Siva Power has been quietly working, focusing on research and development for the least expensive thin-film modules available. But now it’s time to transition from R&D to production, and the company is ready to take the next big step.
“If we make it through this, it will be the best Cinderella story,” said Brad Mattson, Siva Power CEO. “We haven’t quite found our prince yet, but we’re working on it.”
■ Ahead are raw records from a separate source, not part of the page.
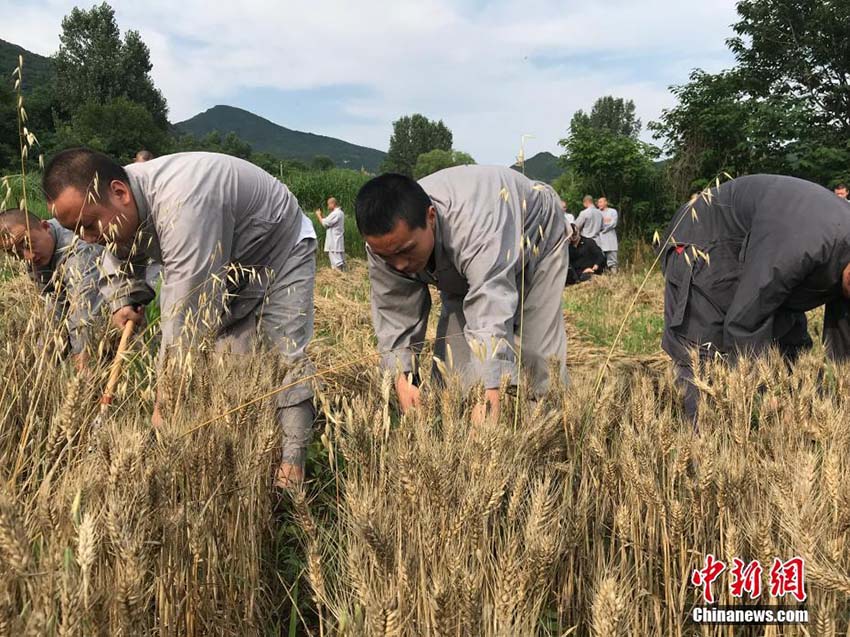 小麦の収穫も修行のうち！少林寺の修行僧による「農禅」　河南省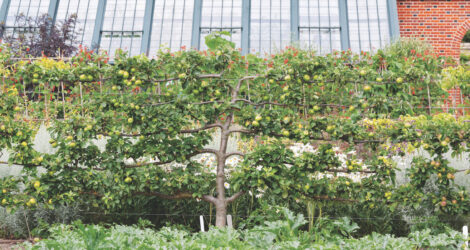 Espalier Training For Beginners Image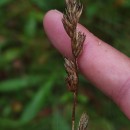 Dactylis glomerata LDactylis glomerata L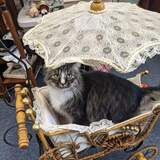 Entry image for Karl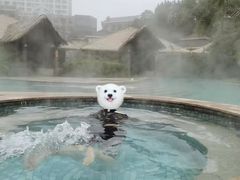 -咸宁万豪温泉谷度假区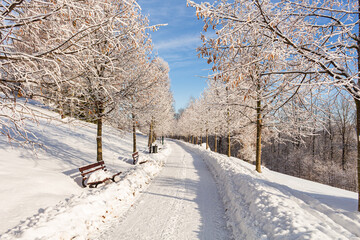 Winter landscape. Winter road and trees covered with snow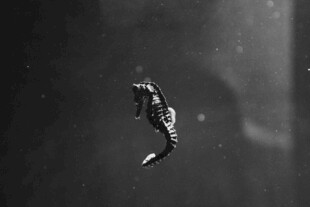 水中游动的神秘海马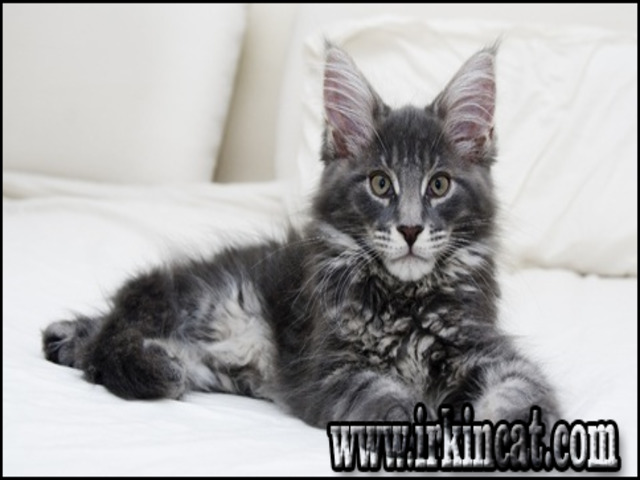 Maine Coon Kittens Price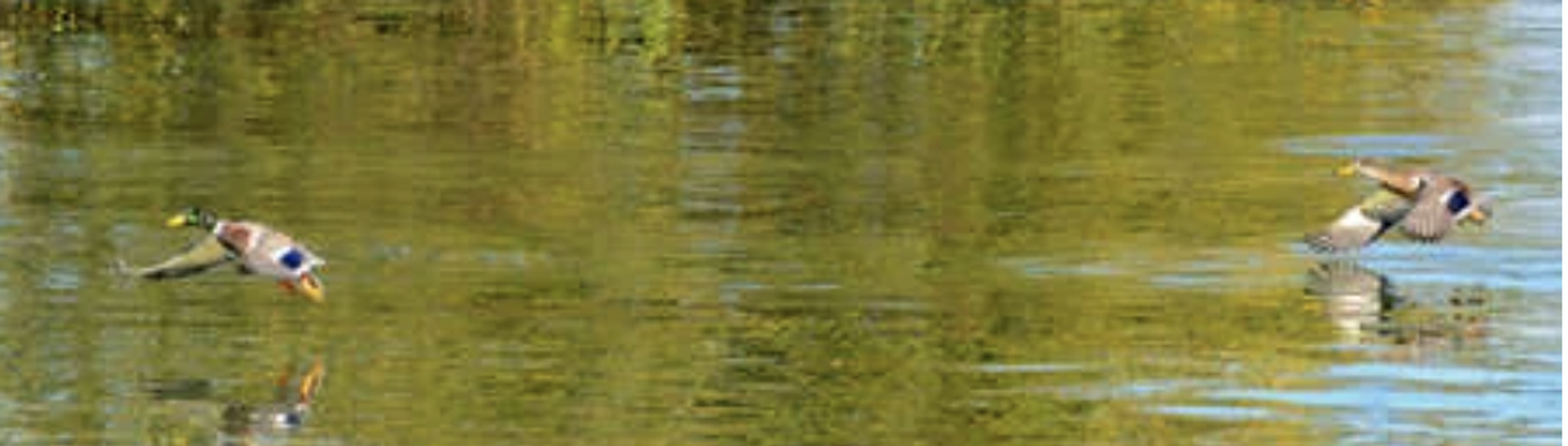 Cover photo for Billy Ray Long's Obituary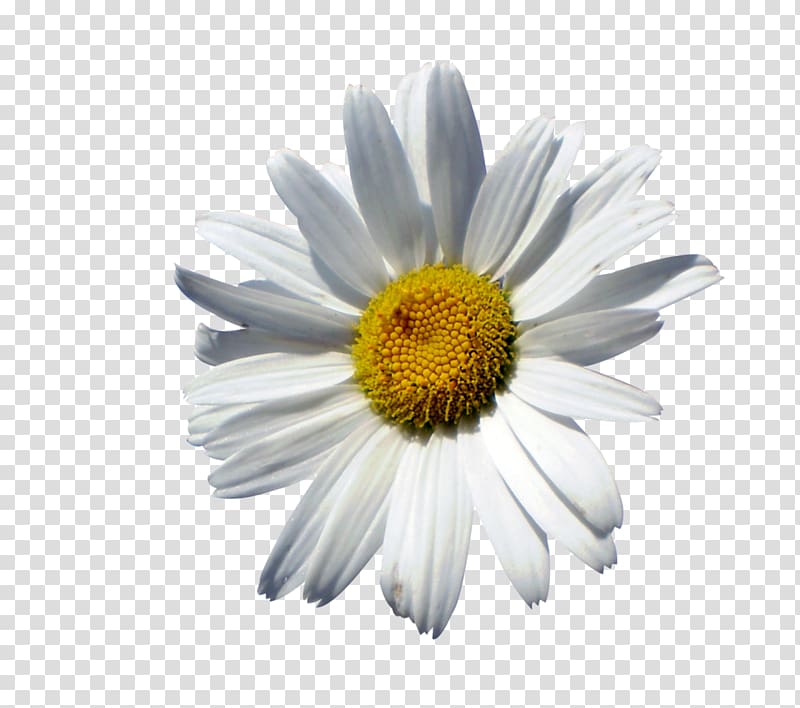 Common daisy Oxeye daisy Marguerite daisy Chrysanthemum Roman chamomile, chrysanthemum transparent background PNG clipart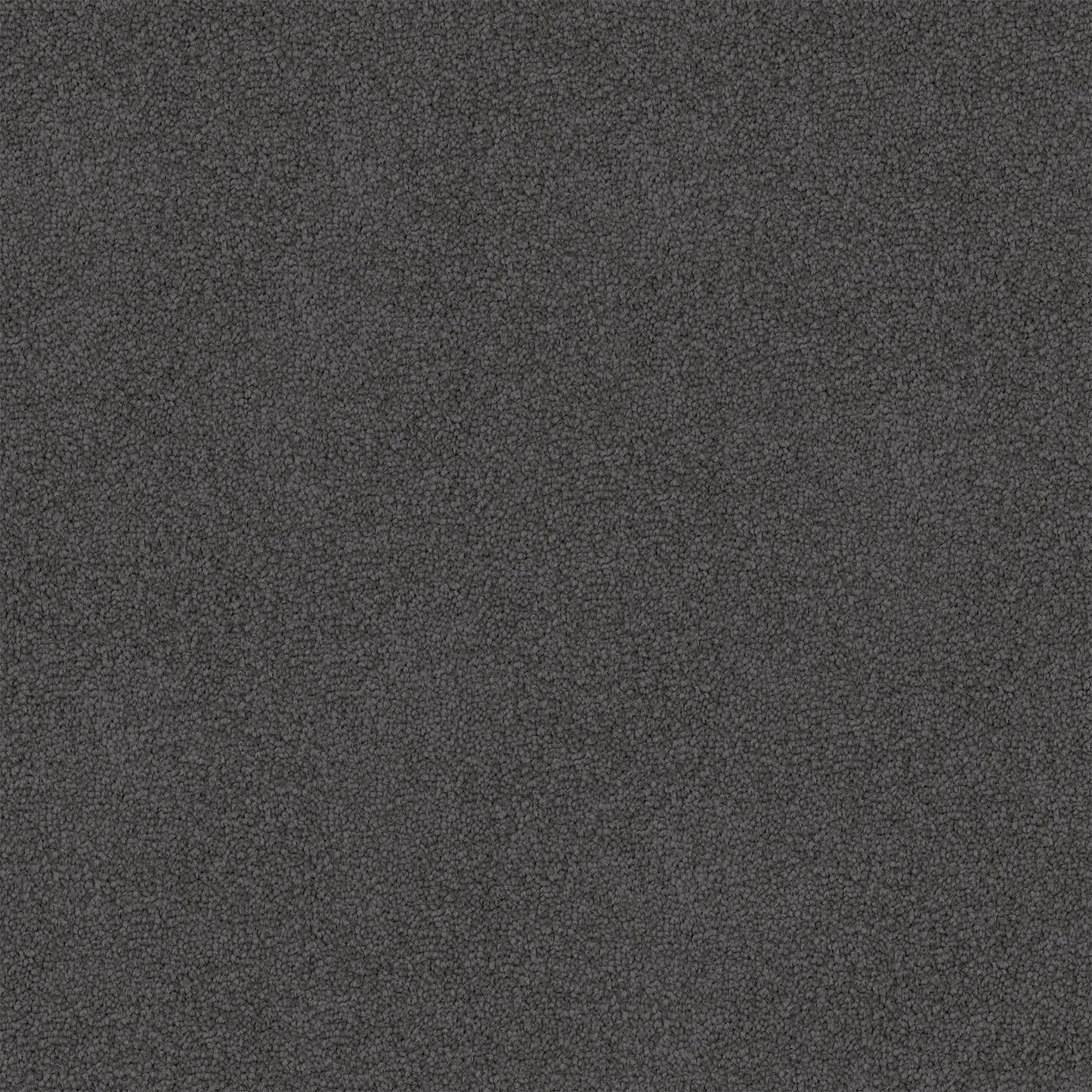 Nightfall carpet in Thunder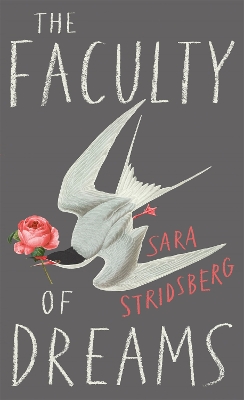 The The Faculty of Dreams: Longlisted for the Man Booker International Prize 2019 by Sara Stridsberg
Siva Power got its start eight years ago (back when it was known as Solexant), during what Mattson describes as the “heyday of solar.” Many companies were raising hundreds of millions of dollars (specifically Solyndra, MiaSolé, Nanosolar) and ramping up production of thin-film modules in the United States. At the same time, China steamrolled the market by building thousands of production lines, immediately dropping production costs and flooding the market. When the U.S. companies’ goal of getting to $1/watt production costs was quickly outmatched by China’s 70-cents/watt, the bottom dropped out for U.S. thin-film production. Solyndra and Nanosolar disappeared, and MiaSolé was bought out.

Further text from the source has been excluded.